The Romania Pavilion at the International Art Exhibition - La Biennale di Venezia 2024, the 60th edition, was visited by 730,000 people. Prestigious publications such as The Guardian, Forbes, Apollo Magazine, Le Journal des Arts, The Art Newspaper, Whitewall and the Euronews television station included the Romanian project on the list of those that deserved to be visited. Romania was represented by the project "Ce este munca/What Work Is" by the artist Şerban Savu, curated by Ciprian Mureşan. The project was selected following the competition organized by the Ministry of Culture, the Ministry of Foreign Affairs and the Romanian Cultural Institute, being presented both in the National Pavilion in the Giardini della Biennale, and in the New Gallery of the Romanian Institute of Culture and Humanistic Research in Venice. The main theme of the 2024 Biennale, "Străini pretutindeni - Foreigners Everywhere", added an additional dimension to the works created by Şerban Savu, reflecting migration and the sense of uprootedness associated with working abroad.

An important aspect of the Romanian Cultural Institute's involvement in the Venice Biennale was the transformation of the New Gallery of the Romanian Institute of Culture and Humanistic Research in Venice into a mosaic workshop for the entire duration of the Biennale.

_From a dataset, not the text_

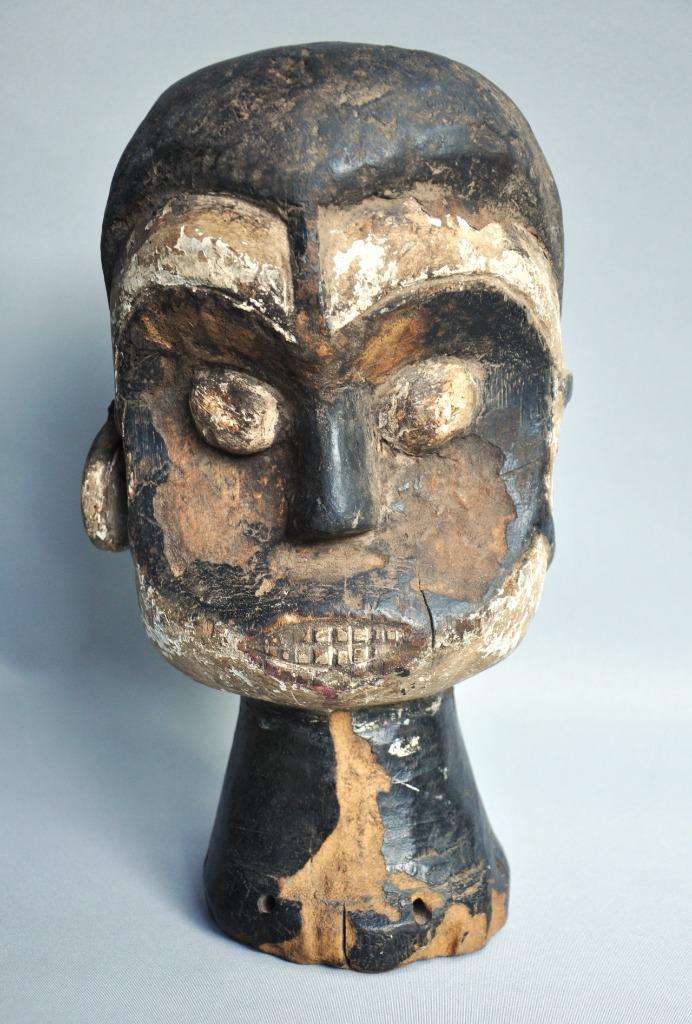 Hoofdmasker van de IBO, Nigeria, 1960-70, Antiek en Kunst, Kunst | Niet-Westerse kunst, Ophalen of Verzenden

Here, teams of mosaicists worked on a monumental piece based on a painting by Şerban Savu, combining Venetian tradition with contemporary conceptual questions. Following its presentation at the Venice Art Biennale, a large-scale mosaic work will be exhibited, in a first phase, at the National Museum of Art of Moldova in Chisinau, and subsequently, the work is to be permanently installed in a space in Chisinau, thus contributing to the cultural landscape of the city and to the cultural dialogue between Romania, the Republic of Moldova and the international public.

The Guardian stated that "in the Romanian pavilion, Şerban Savu's melancholic, fresco-like white paintings depict workers digging in ancient sites, bringing in the harvest or restoring church paintings. Returning from the fields, fishing in the rivers: this is life and leisure after (and perhaps before) communism: every scene captured made permanent in an eloquent way". Apollo Magazine included the exhibition in its list of "unmissable" pavilions, noting its sensitive approach to the relationship between work and leisure, with a melancholic note. At the same time, the Business Review publication highlighted the exhibition as a project that "promises to offer a profound exploration of the complex relationship between work, leisure and societal norms". The Financial Times highlighted the Romanian Pavilion for its originality and its relevant message in the current global context.

For the Romanian Cultural Institute, the Venice Art Biennale represents a catalyst for international cultural dialogue, contributing to the consolidation of bilateral relations between Romania and Italy, especially in the context of the Consolidated Strategic Partnership between the two countries, signed in 2024.